# TASK TO CARRY OUT
Which lines in the records below mention the word "Cotton"? Copy each one out.

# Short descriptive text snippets
# # # # #

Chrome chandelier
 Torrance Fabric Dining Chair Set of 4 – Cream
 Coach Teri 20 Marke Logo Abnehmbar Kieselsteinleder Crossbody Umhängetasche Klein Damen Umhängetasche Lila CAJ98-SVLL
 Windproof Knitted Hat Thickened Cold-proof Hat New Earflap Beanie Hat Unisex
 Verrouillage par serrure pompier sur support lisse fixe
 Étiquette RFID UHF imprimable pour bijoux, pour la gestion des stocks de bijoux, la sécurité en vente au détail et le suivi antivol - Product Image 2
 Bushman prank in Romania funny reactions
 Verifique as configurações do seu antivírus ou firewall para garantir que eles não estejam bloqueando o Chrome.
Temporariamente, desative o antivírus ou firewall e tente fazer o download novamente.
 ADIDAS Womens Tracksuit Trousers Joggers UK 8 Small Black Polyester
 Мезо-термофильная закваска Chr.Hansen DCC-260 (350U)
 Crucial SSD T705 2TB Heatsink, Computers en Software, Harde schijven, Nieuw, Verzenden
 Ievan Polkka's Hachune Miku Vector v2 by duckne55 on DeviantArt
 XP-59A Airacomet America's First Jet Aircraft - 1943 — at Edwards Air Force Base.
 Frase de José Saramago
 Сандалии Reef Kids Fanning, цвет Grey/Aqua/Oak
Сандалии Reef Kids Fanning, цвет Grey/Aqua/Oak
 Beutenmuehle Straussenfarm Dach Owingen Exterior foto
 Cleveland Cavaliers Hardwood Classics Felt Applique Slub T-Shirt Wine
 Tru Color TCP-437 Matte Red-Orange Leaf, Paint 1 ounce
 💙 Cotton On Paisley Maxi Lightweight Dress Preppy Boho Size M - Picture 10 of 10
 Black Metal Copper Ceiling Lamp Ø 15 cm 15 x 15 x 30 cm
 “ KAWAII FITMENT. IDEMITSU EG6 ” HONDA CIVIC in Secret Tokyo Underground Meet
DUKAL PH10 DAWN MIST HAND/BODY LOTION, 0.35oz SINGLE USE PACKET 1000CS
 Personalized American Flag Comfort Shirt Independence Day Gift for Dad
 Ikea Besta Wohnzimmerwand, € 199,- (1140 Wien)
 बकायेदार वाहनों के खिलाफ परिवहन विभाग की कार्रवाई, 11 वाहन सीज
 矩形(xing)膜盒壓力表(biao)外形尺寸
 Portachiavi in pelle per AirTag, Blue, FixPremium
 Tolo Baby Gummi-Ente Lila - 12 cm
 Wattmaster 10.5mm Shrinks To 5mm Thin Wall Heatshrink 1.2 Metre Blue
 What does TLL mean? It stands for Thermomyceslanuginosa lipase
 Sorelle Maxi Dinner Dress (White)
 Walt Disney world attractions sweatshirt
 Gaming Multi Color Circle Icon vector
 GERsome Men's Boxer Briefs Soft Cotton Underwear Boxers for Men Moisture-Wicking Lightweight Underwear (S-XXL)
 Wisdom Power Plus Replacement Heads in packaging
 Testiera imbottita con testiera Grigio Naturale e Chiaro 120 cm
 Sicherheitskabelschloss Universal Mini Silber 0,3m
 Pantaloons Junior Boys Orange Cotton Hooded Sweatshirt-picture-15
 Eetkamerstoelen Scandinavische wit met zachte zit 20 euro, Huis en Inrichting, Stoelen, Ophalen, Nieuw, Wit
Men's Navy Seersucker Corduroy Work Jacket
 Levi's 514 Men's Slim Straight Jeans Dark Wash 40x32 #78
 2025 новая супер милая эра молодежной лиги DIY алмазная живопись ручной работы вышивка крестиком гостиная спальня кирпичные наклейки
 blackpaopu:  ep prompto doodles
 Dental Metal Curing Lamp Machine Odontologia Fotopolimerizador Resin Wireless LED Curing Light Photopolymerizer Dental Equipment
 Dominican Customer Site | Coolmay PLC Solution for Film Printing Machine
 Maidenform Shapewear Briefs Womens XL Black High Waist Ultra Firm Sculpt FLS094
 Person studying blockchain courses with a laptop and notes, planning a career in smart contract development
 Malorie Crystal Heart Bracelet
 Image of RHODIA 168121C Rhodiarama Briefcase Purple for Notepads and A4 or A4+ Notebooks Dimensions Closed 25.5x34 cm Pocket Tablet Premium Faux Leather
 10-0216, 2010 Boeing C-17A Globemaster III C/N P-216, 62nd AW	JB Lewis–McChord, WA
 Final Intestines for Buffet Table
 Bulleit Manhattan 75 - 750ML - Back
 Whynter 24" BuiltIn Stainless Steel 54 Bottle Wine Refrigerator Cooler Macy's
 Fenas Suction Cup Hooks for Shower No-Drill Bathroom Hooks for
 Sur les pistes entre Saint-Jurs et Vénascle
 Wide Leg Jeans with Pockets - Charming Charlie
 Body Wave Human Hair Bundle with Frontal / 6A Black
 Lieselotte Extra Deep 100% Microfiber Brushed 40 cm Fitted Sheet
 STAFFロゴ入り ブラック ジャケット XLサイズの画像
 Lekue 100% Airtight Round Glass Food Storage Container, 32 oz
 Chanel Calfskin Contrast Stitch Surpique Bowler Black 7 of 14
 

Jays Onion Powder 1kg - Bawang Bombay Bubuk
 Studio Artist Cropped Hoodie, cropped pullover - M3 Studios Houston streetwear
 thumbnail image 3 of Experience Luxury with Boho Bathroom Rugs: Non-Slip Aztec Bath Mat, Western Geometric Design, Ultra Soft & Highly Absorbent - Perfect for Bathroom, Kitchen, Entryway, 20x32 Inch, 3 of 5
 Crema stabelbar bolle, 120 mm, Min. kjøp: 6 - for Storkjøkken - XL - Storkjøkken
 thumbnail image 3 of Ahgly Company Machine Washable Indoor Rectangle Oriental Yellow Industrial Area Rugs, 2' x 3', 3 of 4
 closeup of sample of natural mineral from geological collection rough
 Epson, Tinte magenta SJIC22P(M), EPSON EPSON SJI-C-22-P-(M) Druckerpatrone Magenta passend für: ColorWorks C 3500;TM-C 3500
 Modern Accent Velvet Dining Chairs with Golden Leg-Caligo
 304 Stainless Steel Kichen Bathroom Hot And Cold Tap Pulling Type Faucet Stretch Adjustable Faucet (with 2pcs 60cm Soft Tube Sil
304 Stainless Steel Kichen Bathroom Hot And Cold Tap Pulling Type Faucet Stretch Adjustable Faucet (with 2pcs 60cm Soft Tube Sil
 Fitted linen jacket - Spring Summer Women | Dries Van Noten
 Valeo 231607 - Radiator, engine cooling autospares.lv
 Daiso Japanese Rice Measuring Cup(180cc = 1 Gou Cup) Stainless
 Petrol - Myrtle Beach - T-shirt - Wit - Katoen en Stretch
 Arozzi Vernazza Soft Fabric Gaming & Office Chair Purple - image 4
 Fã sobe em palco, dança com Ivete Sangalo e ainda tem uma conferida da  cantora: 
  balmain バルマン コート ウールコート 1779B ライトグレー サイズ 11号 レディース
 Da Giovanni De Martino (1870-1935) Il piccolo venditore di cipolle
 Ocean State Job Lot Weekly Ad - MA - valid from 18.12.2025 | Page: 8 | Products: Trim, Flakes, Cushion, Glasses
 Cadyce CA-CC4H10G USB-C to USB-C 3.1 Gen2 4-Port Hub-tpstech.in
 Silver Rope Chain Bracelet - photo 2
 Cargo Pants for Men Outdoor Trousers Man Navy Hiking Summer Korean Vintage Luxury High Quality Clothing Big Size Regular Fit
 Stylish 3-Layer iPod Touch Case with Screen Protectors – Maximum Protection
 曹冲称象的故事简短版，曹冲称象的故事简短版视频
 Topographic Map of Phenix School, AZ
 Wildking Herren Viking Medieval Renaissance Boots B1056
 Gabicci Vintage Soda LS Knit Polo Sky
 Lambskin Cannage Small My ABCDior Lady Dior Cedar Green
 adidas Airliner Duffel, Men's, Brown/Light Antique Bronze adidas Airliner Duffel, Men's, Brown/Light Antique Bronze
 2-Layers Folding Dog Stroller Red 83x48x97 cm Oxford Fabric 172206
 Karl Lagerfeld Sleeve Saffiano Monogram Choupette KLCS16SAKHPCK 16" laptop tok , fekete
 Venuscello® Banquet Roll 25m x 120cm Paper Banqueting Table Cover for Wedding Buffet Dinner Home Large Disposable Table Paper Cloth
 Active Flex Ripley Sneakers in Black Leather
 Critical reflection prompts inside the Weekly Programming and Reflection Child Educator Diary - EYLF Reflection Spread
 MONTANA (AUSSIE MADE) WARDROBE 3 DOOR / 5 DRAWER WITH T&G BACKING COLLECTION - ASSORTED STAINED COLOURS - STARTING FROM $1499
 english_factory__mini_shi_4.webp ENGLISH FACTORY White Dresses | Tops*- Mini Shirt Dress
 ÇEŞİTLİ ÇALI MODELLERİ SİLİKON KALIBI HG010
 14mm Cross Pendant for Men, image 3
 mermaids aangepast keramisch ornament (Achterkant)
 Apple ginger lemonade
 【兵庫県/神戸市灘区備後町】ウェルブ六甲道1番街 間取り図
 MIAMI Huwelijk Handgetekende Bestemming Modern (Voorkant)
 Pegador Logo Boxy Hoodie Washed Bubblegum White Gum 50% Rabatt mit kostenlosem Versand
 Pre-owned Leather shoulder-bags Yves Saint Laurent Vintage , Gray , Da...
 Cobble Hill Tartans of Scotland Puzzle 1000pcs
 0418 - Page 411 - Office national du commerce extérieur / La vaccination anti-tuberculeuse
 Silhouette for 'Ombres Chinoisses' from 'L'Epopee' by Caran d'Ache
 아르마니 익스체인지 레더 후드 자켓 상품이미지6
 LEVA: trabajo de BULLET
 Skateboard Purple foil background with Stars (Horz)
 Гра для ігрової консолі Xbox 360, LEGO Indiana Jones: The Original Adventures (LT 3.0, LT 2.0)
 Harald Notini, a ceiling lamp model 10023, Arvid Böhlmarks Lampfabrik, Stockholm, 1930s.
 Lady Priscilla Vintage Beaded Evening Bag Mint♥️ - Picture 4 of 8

# # # # #

# TASK RESPONSE
 💙 Cotton On Paisley Maxi Lightweight Dress Preppy Boho Size M - Picture 10 of 10
 GERsome Men's Boxer Briefs Soft Cotton Underwear Boxers for Men Moisture-Wicking Lightweight Underwear (S-XXL)
 Pantaloons Junior Boys Orange Cotton Hooded Sweatshirt-picture-15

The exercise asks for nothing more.